Deep neural networks (DNNs) are finding broad applications in many real-world applications from daily image recognition to safety- and security-sensitive medical diagnosis and self-driving cars. However, the input based adversarial-example attacks bring in ever-increasing security challenges to DNNs, as decisions can be precisely misled by simply adding human imperceptible perturbations into the legitimate model input by attackers. The primary goal of this project is to create a new paradigm of safeguarding DNNs against such attacks by directly rooting defense into compression of the inputs and DNN models, with the guarantee of low cost and high accuracy.

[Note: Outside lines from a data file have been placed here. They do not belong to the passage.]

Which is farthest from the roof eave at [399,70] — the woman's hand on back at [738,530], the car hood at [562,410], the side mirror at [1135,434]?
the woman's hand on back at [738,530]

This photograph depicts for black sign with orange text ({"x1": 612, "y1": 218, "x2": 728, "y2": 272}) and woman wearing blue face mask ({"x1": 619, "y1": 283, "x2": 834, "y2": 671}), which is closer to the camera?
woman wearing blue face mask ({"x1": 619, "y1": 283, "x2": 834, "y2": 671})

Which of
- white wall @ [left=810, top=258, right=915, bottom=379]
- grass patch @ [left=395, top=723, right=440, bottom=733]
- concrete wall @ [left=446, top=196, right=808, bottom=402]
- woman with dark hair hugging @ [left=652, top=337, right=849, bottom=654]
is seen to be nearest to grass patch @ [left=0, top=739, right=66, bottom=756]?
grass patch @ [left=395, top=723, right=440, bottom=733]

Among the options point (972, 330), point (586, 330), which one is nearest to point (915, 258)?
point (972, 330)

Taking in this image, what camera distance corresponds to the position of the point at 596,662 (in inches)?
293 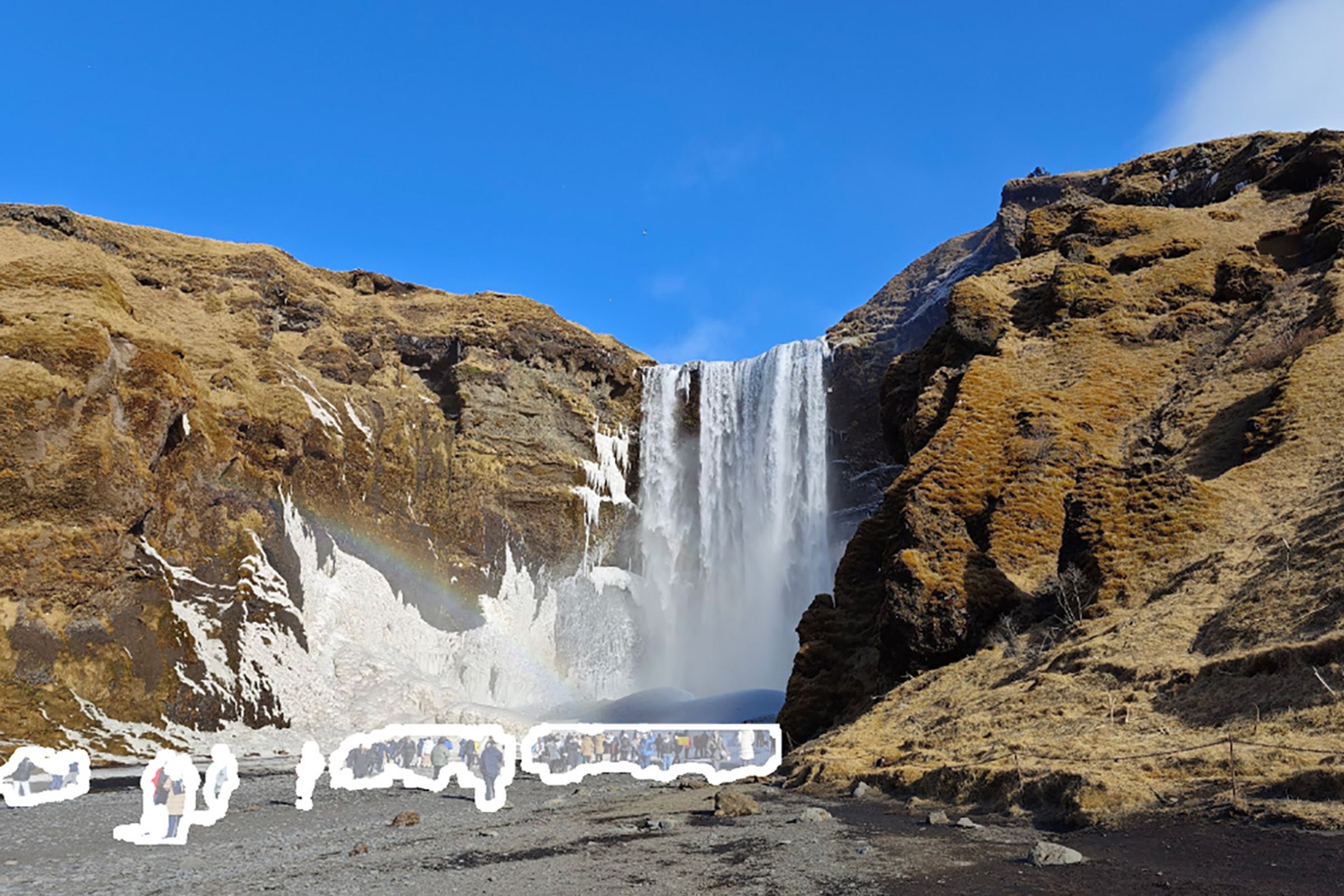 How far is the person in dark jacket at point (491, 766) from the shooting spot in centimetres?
2317

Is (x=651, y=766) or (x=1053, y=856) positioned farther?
(x=651, y=766)

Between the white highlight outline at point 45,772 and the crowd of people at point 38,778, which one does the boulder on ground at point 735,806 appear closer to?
the white highlight outline at point 45,772

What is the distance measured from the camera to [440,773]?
3036 centimetres

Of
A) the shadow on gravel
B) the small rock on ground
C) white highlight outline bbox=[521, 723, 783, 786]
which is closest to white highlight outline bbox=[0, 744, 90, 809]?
white highlight outline bbox=[521, 723, 783, 786]

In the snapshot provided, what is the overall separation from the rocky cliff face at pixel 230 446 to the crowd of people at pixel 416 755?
684 cm

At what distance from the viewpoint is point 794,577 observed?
189 ft

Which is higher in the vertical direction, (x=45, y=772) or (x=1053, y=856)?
(x=1053, y=856)

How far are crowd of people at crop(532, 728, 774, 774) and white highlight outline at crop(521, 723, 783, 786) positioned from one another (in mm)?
158

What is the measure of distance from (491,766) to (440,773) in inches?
264

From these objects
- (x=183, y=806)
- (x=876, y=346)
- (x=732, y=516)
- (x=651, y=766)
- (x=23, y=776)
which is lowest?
(x=23, y=776)

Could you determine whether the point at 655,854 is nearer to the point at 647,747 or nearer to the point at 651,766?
the point at 651,766

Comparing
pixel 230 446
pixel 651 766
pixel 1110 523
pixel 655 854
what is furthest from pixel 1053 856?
pixel 230 446

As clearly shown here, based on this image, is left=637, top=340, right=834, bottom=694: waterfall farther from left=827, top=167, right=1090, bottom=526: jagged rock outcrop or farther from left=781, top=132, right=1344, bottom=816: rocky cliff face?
left=781, top=132, right=1344, bottom=816: rocky cliff face

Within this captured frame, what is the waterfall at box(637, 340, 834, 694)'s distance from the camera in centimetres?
5791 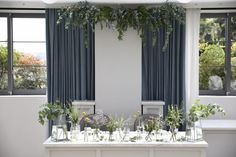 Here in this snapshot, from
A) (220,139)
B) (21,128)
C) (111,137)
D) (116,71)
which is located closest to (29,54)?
(21,128)

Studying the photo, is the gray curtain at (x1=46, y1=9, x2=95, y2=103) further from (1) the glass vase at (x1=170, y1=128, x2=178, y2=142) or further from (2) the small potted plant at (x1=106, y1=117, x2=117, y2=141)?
(1) the glass vase at (x1=170, y1=128, x2=178, y2=142)

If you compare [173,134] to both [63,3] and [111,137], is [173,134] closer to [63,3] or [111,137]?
[111,137]

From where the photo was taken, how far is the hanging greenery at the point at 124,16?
514cm

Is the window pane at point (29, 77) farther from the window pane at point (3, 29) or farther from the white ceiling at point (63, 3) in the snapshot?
the white ceiling at point (63, 3)

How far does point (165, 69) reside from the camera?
18.1 feet

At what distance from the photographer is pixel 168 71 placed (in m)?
5.54

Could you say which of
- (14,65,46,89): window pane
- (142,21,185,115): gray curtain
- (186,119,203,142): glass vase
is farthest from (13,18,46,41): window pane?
(186,119,203,142): glass vase

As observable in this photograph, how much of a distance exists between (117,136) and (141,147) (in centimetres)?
35


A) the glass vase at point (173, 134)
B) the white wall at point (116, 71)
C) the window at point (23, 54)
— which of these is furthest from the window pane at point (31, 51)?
the glass vase at point (173, 134)

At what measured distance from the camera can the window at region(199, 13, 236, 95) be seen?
18.6 feet

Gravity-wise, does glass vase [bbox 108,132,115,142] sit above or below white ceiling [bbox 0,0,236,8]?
below

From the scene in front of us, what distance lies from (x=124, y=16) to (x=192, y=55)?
4.08ft

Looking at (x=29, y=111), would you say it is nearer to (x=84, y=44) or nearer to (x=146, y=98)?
(x=84, y=44)

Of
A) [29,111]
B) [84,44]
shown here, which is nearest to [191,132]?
[84,44] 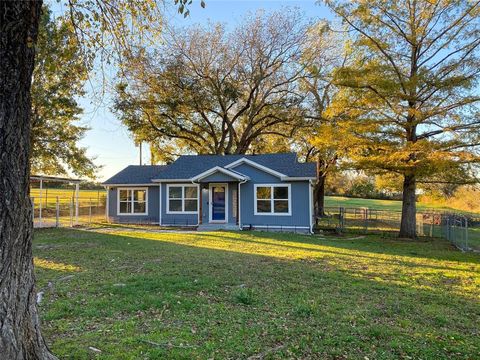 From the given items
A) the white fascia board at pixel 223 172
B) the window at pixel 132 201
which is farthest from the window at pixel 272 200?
the window at pixel 132 201

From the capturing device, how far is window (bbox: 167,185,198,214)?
19.5 metres

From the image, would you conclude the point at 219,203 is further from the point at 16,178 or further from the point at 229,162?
the point at 16,178

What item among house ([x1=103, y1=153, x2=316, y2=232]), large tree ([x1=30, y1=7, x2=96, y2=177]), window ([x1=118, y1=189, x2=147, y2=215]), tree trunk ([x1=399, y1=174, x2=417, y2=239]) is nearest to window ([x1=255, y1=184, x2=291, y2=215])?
house ([x1=103, y1=153, x2=316, y2=232])

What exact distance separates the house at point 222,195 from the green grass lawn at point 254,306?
7445 millimetres

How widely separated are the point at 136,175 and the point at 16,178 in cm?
1992

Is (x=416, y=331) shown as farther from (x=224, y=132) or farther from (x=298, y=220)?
(x=224, y=132)

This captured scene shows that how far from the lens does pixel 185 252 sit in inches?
395

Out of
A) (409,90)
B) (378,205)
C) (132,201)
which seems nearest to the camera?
(409,90)

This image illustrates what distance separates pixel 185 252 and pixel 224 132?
62.3 feet

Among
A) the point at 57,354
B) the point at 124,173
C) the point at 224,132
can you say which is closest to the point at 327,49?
the point at 224,132

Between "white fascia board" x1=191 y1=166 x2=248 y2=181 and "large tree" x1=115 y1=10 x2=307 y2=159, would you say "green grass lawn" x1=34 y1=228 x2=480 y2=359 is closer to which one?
"white fascia board" x1=191 y1=166 x2=248 y2=181

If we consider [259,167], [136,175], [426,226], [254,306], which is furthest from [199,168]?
[254,306]

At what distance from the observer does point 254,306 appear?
5.25 meters

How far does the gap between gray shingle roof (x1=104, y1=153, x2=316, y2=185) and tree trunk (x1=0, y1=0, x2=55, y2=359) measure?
1489 centimetres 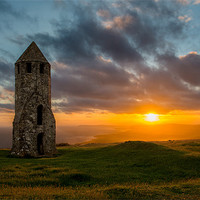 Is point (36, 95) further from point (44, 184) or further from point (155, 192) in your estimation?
point (155, 192)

We have accomplished these goals and more specifically,
(1) We developed a JPEG-based defensive compression framework, namely "Feature Distillation", to effectively rectify adversarial examples without impacting classification accuracy on benign data with theoretical guarantee. The work for the first time unleashes the defense potentials of the input-transformation techniques with almost zero loss of DNN testing accuracy by re-architecting the fundamental entities of JPEG compression/decompression. This includes defensive quantization to maximize the filtering of adversarial inputs and DNN-oriented quantization to restore DNN testing accuracy. It is extremely low cost and can be widely applicable to many essential components in modern DNN powered intelligent cyber physical systems, such as image sensors, cameras. It also significantly outperforms the state-of-the-art input-transformation based defense and serves as a new benchmark.

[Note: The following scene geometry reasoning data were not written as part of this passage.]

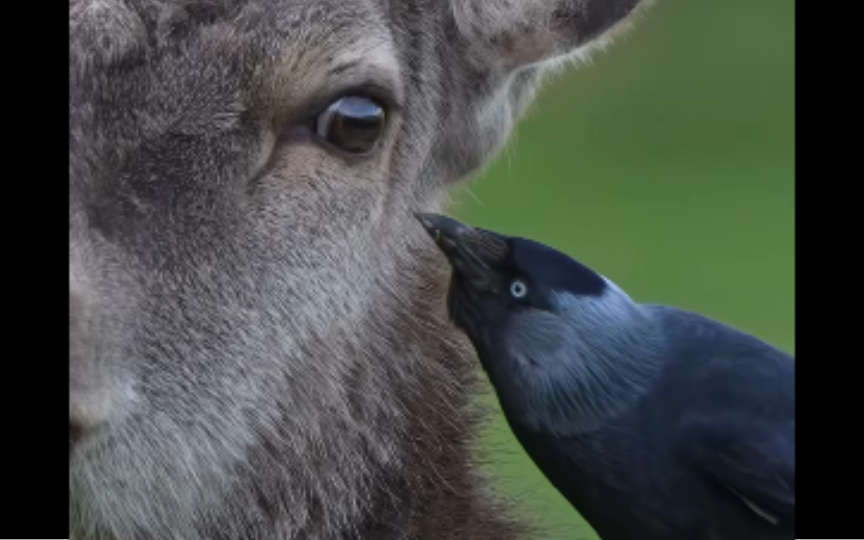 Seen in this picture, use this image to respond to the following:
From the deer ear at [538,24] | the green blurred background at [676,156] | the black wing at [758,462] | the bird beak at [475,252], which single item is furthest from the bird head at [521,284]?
the green blurred background at [676,156]

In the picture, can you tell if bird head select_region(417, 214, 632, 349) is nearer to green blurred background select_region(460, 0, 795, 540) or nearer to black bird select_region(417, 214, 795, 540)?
black bird select_region(417, 214, 795, 540)

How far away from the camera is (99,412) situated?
4.04 meters

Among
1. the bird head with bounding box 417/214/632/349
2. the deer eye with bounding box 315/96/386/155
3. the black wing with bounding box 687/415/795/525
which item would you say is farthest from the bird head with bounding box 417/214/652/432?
the deer eye with bounding box 315/96/386/155

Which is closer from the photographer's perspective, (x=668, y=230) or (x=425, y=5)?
(x=425, y=5)

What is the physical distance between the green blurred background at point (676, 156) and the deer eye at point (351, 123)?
9.44m

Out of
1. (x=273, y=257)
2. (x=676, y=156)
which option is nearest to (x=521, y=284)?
(x=273, y=257)

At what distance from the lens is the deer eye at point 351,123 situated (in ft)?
15.0

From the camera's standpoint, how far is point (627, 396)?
4.32 meters

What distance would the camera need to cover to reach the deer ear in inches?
196

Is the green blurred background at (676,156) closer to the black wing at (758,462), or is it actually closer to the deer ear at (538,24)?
the deer ear at (538,24)

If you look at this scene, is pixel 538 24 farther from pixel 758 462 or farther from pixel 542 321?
pixel 758 462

(2) We developed a low-cost frequency refinement approach to defend DNN-based biomedical image segmentation from adversarial attacks. The key idea is to redesign the quantization of JEPG compression based on the unique statistical pattern of adversarial perturbations in frequency domain in image segmentation. It almost recovers the low segmentation prediction to the original level without impacting that of benign images under adversarial settings. This is the very first study that targets the defense against the practical adversarial attacks in the context of biomedical image segmentation.
(3) We developed a defensive dropout solution (a type of model compression techniques) to harden DNN models under adversarial attacks. The key is to develop a defensive dropout algorithm that determines an optimal test dropout rate given the DNN model and the attacker?s strategy for generating adversarial examples to trade-off the defense effect and testing accuracy.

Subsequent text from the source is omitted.